How to create a *totally* secure development environment?
 
Aside from the obvious vectors like spam containing phishing scams, links to drive-by download attacks or infected attachments, we've seen increasingly creative ways for bad guys to compromise your system like "losing" infected pen drives, selling computers preloaded with malware, selling mobile phone apps with hidden trojans and viruses, and, most recently, a $300 app that can sniff out your private key even when your computer is encrypted.

On top of the obvious malware threats, there are also lingering questions about the integrity of common operating systems and cloud computing services. Do Windows, OSX, and linux have security holes? Does Windows supply a backdoor for the U.S. or other governments? Should you really trust your linux multiverse repository? Do Google and Apple data mine your private mobile phone data for private information? Does Ubuntu's sharing of my data with Amazon compromise my privacy? Can the U.S. Government seize your cloud data without a warrant?

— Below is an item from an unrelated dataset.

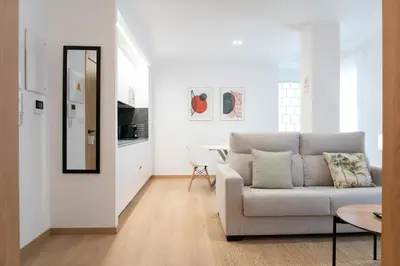a white living room with a couch and a mirror at Duerming Avenida 85 Burela VUT in Burela de Cabo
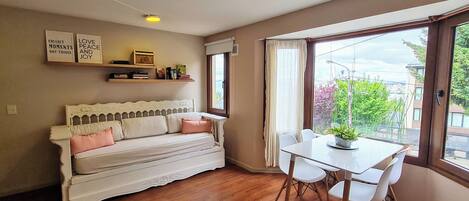 A cozy room with a white sofa, a dining table with chairs, and a window with a view of greenery.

Can McAfee or Kaspersky really be trusted?

Naturally, the question arises of how to establish and maintain an ironclad workstation or laptop for the purpose of handling sensitive information or doing security research. DARPA has approached the problem by awarding a $21.4M contract to Invincea to create a secure version of Android. What should we do if we don't have $21.4M USD? Is it safe to buy a PC from any manufacturer? Is it even safe to buy individual computer components and assemble one's own machine? Or might the MOBO firmware be compromised?

What steps can one take to insure a truly secure computing environment? Is this even possible? Can anyone recommend a through checklist or suggest best practices?

frankbell 12-23-2012 09:43 PM

The only way to have a totally secure computer is to unplug it, lock it in a safe, fill the safe with concrete, and drop it in the Marianas Trench while keeping your fingers crossed.

These recommendations from Indiana University might help; they seem to be Windows-oriented, so you might have to adapt them:

http://kb.iu.edu/data/akln.html

Here's a similar document from Rutgers:

http://rusecure.rutgers.edu/best

Here's a document from CERT:

http://www.us-cert.gov/security-publications/

If you search for "best practices computer security" you will find a number of other links, including a white paper from the US National Security Administration.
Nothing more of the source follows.